(Short text fragments from websites)
....

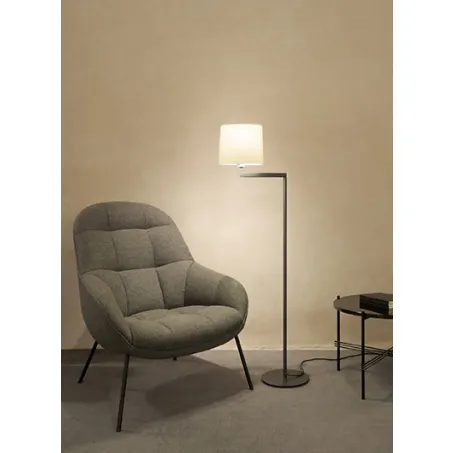 Lampada ideale da lettura Swing di Vibia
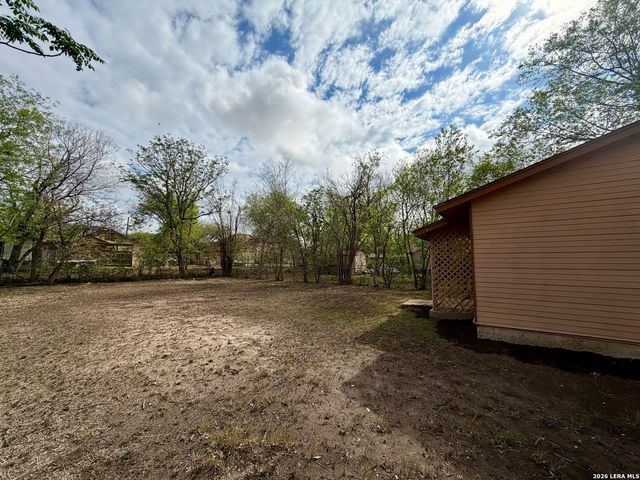 1413 W Mayfield, San Antonio, TX 78211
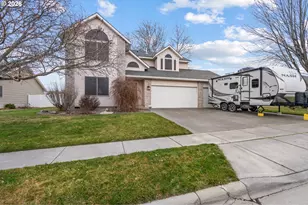 188 NE 11th St, Hermiston, OR 97838 - Photo 2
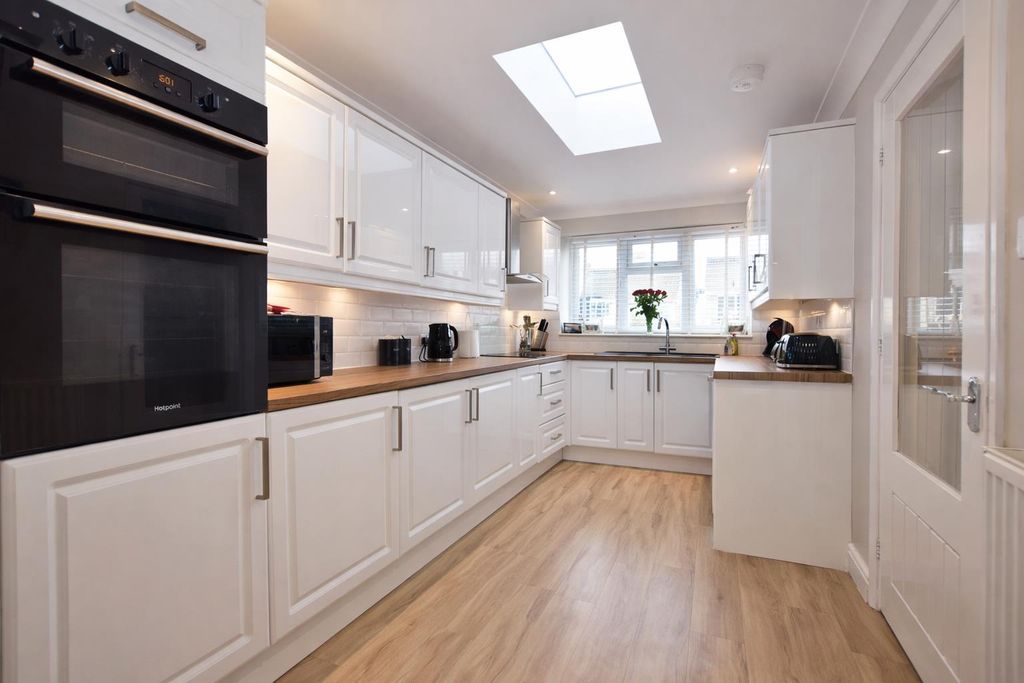 Property photo 2 of 16 Kitchen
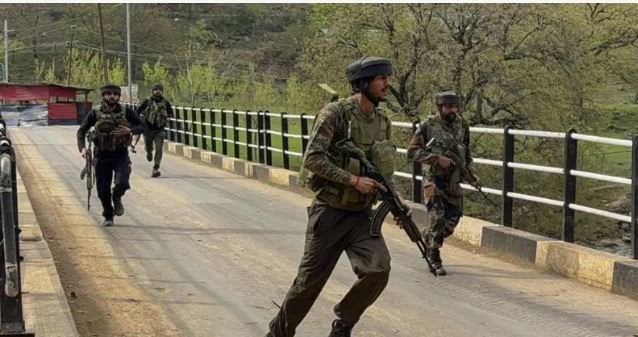 سفير مصر بـ نيودلهي ينقل رسالة تعازي وزير الخارجية لنظيره الهندي في ضحايا كشمير سفير مصر بـ نيودلهي ينقل رسالة تعازي وزير الخارجية لنظيره الهندي في ضحايا كشمير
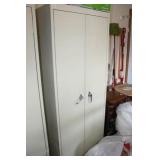 Storage Cabinet; Metal; no key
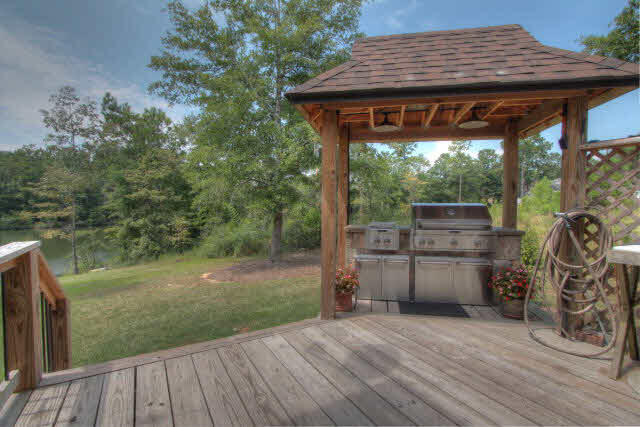 7696 Lake Boulevard Daphne, AL 36527 - Photo 27 of 33 back deck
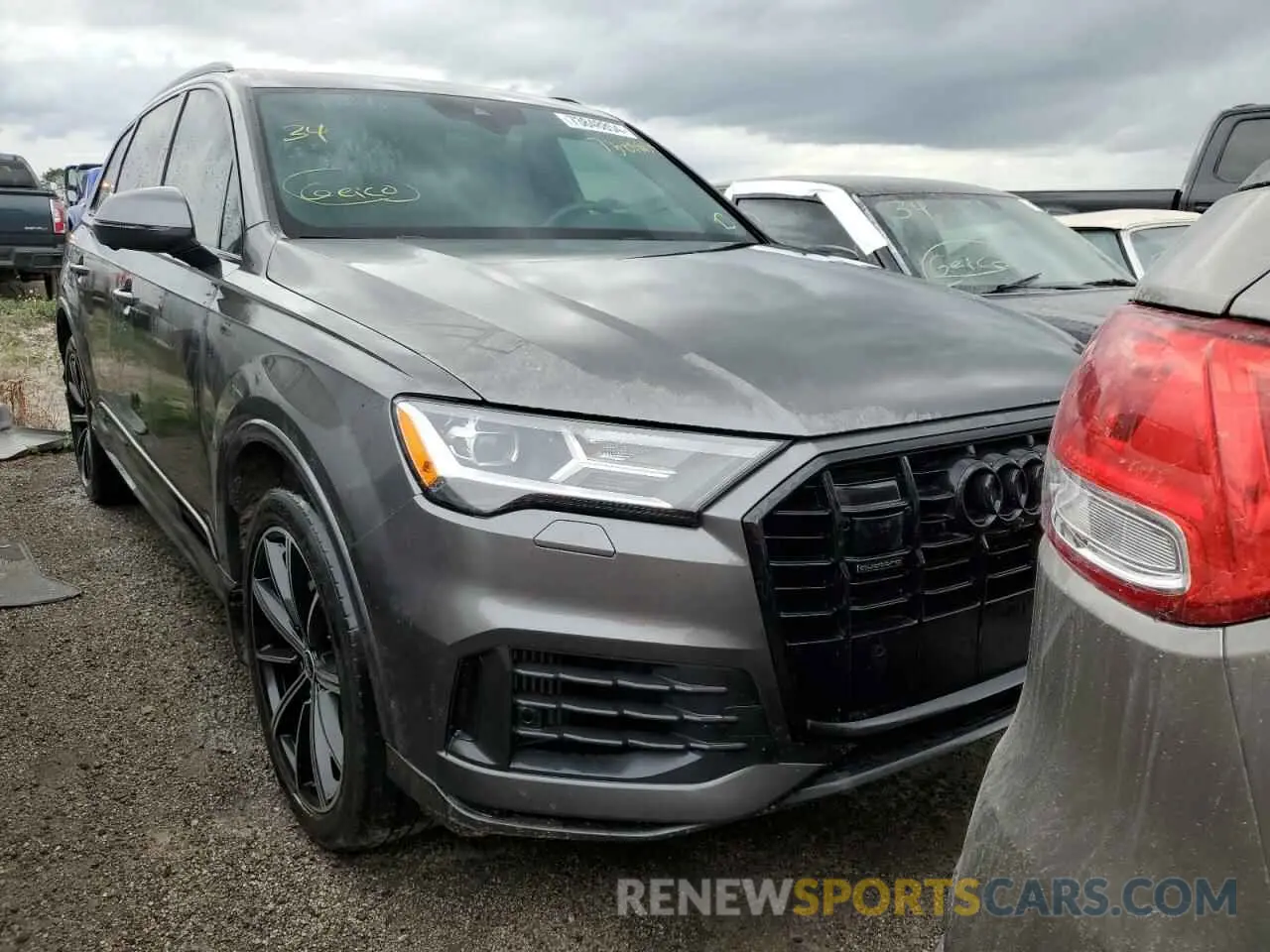 4 Photograph of a damaged car WA1LXAF79MD025846 AUDI Q7 2021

....

The answer must be an exact copy of the lines from the one that holds "7696 Lake Boulevard" through the end of the data, both included, with no pictures.

 7696 Lake Boulevard Daphne, AL 36527 - Photo 27 of 33 back deck
 4 Photograph of a damaged car WA1LXAF79MD025846 AUDI Q7 2021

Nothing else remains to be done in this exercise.